Introduction to Type Systems | Professional .NET Framework 2.0 (Programmer to Programmer)

This chapter presents most idioms of the CTS using C#, although I do try to identify areas where there's a mismatch between the language's and the CTS's semantics. Since we haven't seen Common Intermediate Language (CIL) just yet (that comes in Chapter 3) — the language into which all managed programs are compiled — using a higher-level programming language such as C# will prove more effective in explaining the concepts, without syntax getting in the way.

As a brief example of the CTS's diversity of languages that it supports, consider four examples, each of which has a publicly available compiler that targets the CLR: C#, C++/CLI, Python, and F#:

C# is a (mostly) statically typed, imperative, C-style language. It offers very few features that step outside of the CLR's verifiable type-safety, and employs a heavily object-oriented view of the world. C# also offers some interesting functional language features such as first class functions and their close cousins, closures, and continues to move in this direction with the addition of, for example, type inferencing and lambdas in new versions of the language. This is, at the time of this writing, the most popular programming language on the CLR platform.
C++/CLI is an implementation of the C++ language targeting the CTS instruction set. Programmers in this language often step outside of the bounds of verifiable type safety, directly manipulating pointers and memory segments. The compiler does, however, support compilation options to restrict programs to a verifiable subset of the language. The ability to bridge the managed and unmanaged worlds with C++ is amazing, enabling many existing unmanaged programs to be recompiled under the CLR's control, of course with the benefits of Garbage Collection and (mostly) verifiable IL.
Python, like C#, deals with data in an object-oriented fashion. But unlike C# — and much like Visual Basic — it prefers to infer as much as possible and defer as many decisions until runtime that would have traditionally been resolved at compile time. Programmers in this language never deal directly with raw memory, and always live inside the safe confines of verifiable type safety. Productivity and ease of programming are often of utmost importance for such dynamic languages, making them amenable to scripting and lightweight program extensions. But they still must produce code that resolves typing and other CLR-related mapping issues somewhere between compile- and runtime. Some say that dynamic languages are the way of the future. Thankfully, the CLR supports them just as well as any other type of language.
Lastly, F# is a typed, functional language derived from O'Caml (which is itself derived from Standard ML), which offers type inferencing and scripting-like interoperability features. F# certainly exposes a very different syntax to the programmer than, say, C#, VB, or Python. In fact, many programmers with a background in C-style languages might find the syntax quite uncomfortable at first. It offers a mathematical style of type declarations and manipulations, and many other useful features that are more prevalent in functional languages, such as pattern matching. F# is a great language for scientific- and mathematical-oriented programming.
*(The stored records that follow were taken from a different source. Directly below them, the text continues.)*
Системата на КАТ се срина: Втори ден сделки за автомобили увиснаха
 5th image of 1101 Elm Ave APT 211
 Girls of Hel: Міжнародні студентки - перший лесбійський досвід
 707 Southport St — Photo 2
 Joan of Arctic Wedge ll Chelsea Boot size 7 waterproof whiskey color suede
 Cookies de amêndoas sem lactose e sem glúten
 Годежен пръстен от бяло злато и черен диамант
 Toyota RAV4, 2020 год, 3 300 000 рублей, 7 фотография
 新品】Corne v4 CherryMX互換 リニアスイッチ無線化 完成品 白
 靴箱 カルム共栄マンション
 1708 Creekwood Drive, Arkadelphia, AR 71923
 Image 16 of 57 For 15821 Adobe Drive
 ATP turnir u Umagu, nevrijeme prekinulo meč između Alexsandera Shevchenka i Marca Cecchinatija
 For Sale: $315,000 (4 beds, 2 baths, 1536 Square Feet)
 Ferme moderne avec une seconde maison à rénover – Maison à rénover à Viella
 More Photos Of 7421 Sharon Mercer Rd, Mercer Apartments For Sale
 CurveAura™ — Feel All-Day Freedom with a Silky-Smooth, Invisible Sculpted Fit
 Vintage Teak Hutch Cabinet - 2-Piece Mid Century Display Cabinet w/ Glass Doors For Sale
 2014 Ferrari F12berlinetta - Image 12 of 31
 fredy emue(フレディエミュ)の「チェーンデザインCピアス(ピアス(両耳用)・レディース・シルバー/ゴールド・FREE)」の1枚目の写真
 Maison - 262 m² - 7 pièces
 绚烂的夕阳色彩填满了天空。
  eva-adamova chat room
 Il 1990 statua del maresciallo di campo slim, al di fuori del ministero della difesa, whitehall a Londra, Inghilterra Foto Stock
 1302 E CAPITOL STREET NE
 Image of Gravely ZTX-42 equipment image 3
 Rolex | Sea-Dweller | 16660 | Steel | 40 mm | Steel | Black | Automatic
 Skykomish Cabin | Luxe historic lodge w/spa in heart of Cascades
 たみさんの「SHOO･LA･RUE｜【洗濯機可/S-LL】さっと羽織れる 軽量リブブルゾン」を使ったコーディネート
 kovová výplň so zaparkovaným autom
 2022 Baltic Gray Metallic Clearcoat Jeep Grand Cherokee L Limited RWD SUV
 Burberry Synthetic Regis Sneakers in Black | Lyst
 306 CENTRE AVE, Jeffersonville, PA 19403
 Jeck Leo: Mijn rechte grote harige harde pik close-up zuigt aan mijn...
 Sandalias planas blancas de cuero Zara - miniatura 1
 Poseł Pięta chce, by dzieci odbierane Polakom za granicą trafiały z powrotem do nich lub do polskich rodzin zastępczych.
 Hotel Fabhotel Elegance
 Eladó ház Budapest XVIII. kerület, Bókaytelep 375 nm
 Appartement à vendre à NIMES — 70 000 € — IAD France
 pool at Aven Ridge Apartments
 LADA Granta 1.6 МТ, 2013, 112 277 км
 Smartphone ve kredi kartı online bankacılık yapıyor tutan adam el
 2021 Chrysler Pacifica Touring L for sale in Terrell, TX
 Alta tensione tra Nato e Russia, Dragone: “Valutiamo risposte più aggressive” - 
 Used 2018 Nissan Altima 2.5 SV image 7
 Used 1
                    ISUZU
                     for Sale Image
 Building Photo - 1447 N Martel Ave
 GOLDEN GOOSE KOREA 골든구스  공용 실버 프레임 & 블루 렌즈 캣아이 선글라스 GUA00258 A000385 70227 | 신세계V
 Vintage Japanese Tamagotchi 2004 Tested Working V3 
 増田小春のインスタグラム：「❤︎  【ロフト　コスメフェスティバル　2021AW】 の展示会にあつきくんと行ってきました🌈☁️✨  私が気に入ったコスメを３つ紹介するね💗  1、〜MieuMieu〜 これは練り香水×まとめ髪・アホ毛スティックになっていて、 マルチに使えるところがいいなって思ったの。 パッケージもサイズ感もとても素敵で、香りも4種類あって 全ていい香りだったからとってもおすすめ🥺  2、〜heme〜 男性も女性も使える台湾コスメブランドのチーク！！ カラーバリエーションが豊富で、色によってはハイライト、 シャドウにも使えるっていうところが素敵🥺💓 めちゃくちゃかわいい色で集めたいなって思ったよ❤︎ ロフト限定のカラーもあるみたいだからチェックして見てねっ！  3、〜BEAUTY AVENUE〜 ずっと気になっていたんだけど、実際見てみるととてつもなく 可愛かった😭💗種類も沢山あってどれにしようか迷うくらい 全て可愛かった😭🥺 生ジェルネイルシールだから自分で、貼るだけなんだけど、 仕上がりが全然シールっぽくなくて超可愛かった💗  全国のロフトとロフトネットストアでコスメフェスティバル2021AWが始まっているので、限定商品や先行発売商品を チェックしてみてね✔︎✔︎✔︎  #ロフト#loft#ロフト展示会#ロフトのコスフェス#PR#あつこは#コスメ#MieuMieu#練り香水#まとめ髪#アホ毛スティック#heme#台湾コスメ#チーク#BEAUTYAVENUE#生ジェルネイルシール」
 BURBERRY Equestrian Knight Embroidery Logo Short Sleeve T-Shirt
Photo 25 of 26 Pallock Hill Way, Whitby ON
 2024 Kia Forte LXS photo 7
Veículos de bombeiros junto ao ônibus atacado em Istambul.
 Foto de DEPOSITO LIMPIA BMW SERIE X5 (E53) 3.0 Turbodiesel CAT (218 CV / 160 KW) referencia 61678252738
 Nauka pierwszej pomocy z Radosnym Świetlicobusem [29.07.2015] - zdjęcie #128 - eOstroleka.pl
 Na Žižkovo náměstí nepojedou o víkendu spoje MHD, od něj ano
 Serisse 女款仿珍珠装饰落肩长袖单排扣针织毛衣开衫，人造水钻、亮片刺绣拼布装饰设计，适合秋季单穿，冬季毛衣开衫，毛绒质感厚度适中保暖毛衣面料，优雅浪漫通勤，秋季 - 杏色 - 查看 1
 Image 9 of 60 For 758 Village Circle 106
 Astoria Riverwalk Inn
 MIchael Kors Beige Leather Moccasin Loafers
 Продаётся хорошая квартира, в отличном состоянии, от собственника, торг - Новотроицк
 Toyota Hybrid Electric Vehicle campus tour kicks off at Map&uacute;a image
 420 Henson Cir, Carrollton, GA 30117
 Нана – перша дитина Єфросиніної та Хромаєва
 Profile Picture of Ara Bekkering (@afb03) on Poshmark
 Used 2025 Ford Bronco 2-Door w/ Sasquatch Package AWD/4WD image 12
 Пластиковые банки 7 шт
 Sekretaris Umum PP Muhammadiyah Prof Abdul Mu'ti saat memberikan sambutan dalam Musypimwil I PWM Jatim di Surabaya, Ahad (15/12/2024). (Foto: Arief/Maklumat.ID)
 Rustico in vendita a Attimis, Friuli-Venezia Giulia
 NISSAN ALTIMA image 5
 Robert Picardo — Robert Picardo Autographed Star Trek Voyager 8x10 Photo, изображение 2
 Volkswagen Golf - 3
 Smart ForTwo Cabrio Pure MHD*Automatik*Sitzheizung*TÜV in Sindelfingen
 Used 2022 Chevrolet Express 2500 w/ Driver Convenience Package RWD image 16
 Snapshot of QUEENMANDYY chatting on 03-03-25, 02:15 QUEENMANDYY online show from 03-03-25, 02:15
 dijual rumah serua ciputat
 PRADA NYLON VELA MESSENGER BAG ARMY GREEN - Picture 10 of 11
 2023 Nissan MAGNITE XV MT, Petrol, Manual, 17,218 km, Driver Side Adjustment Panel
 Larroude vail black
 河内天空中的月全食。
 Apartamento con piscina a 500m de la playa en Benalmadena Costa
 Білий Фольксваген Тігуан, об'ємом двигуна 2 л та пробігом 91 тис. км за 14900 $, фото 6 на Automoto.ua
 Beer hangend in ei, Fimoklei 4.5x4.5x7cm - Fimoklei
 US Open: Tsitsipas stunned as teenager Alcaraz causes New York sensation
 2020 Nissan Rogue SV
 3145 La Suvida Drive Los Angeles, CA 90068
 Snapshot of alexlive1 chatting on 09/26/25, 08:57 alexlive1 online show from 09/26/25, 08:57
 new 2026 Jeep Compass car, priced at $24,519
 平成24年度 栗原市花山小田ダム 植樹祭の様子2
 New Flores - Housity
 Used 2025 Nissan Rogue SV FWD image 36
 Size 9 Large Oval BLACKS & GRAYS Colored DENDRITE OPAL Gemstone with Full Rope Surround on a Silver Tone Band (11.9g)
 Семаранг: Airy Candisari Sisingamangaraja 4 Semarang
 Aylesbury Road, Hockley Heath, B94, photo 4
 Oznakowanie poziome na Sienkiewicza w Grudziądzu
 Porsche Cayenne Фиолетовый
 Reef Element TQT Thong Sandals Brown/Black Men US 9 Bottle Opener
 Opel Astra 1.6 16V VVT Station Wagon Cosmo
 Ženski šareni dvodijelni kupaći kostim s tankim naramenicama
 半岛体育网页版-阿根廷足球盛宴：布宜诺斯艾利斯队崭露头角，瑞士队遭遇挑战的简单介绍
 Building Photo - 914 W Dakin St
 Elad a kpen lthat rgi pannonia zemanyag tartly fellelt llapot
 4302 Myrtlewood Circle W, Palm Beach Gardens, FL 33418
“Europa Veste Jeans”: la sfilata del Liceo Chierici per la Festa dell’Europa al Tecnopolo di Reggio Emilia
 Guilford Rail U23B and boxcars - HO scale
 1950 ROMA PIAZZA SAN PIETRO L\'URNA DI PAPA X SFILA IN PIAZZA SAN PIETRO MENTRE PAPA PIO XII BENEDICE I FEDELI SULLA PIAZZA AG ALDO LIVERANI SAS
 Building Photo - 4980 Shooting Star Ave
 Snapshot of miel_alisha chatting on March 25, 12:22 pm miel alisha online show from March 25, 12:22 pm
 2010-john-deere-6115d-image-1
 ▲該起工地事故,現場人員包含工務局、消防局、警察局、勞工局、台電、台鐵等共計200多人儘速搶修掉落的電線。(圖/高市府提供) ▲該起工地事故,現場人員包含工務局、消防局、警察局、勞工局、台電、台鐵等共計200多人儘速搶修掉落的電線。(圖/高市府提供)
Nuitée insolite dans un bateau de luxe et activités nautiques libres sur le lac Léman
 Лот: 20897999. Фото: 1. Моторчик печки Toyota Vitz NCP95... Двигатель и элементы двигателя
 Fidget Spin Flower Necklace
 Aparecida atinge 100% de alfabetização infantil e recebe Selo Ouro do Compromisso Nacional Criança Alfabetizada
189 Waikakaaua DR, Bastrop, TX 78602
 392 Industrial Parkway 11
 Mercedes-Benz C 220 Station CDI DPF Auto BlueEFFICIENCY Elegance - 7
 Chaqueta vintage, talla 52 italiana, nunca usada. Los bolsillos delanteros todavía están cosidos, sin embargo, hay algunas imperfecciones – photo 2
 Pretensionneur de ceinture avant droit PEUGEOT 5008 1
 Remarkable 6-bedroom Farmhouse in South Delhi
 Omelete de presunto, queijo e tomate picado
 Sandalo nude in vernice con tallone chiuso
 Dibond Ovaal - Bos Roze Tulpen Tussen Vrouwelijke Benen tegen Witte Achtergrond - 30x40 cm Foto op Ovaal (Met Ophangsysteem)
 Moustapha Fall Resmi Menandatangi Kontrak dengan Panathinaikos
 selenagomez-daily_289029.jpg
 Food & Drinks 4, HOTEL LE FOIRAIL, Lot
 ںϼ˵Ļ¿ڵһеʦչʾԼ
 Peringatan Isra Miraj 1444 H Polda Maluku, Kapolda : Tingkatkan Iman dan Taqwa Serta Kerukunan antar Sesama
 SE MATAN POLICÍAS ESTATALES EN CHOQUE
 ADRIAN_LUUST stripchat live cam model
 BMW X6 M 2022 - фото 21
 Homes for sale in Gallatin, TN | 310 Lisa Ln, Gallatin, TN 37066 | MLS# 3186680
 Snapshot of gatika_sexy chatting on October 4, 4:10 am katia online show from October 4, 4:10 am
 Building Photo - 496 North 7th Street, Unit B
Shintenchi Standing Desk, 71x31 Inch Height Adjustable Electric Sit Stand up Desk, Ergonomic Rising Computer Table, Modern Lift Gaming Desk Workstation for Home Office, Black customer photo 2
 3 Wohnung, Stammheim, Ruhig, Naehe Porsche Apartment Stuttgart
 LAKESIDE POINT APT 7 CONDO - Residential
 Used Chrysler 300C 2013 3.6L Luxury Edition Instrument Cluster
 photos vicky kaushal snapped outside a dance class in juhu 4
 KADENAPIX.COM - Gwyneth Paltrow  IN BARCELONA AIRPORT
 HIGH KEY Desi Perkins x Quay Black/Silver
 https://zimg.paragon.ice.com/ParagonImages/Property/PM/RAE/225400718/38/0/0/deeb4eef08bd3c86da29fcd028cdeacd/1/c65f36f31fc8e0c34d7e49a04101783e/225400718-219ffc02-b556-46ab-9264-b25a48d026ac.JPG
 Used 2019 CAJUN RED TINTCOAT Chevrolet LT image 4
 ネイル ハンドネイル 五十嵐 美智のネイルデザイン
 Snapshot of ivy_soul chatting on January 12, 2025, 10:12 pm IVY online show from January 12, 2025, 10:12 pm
Each of these languages exposes a different view of the type system, sometimes extreme yet often subtle, and all compile into abstractions from the same CTS and instructions from the same CIL. Libraries written in one can be consumed from another. A single program can even be composed from multiple parts, each written in whatever language is most appropriate, and combined to form a single managed binary. Also notice that the idea of verification makes it possible to prove type safety, yet work around entire portions of the CTS when necessary (such as manipulating raw memory pointers in C++). Of course, there are runtime restrictions that may be placed on executing unverifiable code. We'll return to these important topics later in this chapter.

The Importance of Type Safety

Not so long ago, unmanaged assembly, C, and C++ programming were the de facto standard in industry, and types — when present — weren't much more than ways to name memory offsets. For example, a C structure is really just a big sequence of bits with names to access precise offsets from the base address, that is, fields. References to structures could be used to point at incompatible instances, data could be indexed into and manipulated freely. C++ was admittedly a huge step in the right direction. But there generally wasn't any runtime system enforcing that memory access followed the type system rules at runtime. In all unmanaged languages, there was a way to get around the illusion of type safety.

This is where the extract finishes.